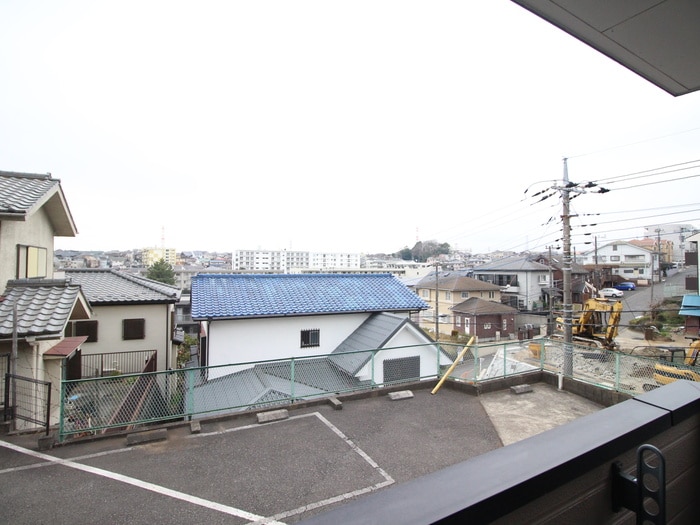 室内からの展望 エスペーロ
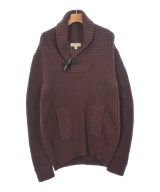 BURBERRY（バーバリー）ニット・セーター 赤 サイズ:M メンズ/2200689141041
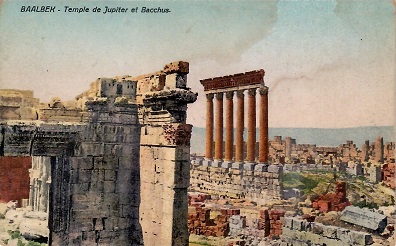 Baalbek, Temple de Jupiter et Bacchus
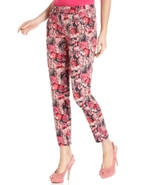 Petite Pants, Tummy Control Slim-Fit, Retro Rosebu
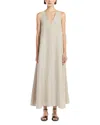 Max Mara Women's Simeone Linen Sleevesless Dress In Beige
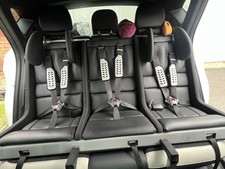Multimac Super club 3 Seater With headrest and straps 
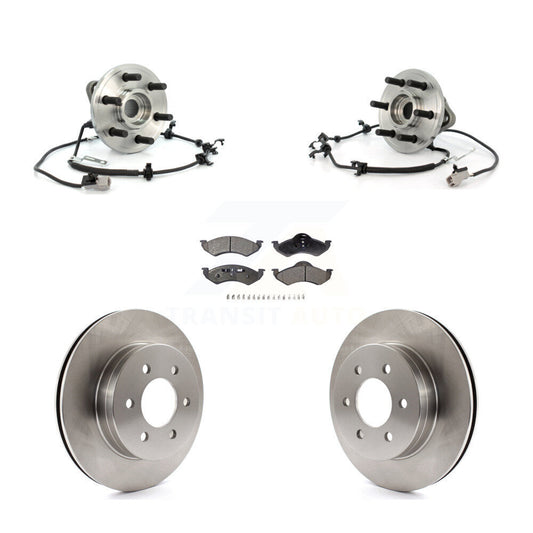 [Avant] Kit d'ensemble roulement de roue et moyeu pour 2000-2002 Dodge Dakota Durango 4WD avec 4-Wheel ABS KBB-100955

+ + + +

TASK INSTRUCTIONS: In the copy, no pictures are to appear; write out exactly the lines from the one containing "Max Mara Women's" through the end of the listing above and no further lines.

WRITTEN SOLUTION:
 Max Mara Women's Simeone Linen Sleevesless Dress In Beige
Multimac Super club 3 Seater With headrest and straps 
 [Avant] Kit d'ensemble roulement de roue et moyeu pour 2000-2002 Dodge Dakota Durango 4WD avec 4-Wheel ABS KBB-100955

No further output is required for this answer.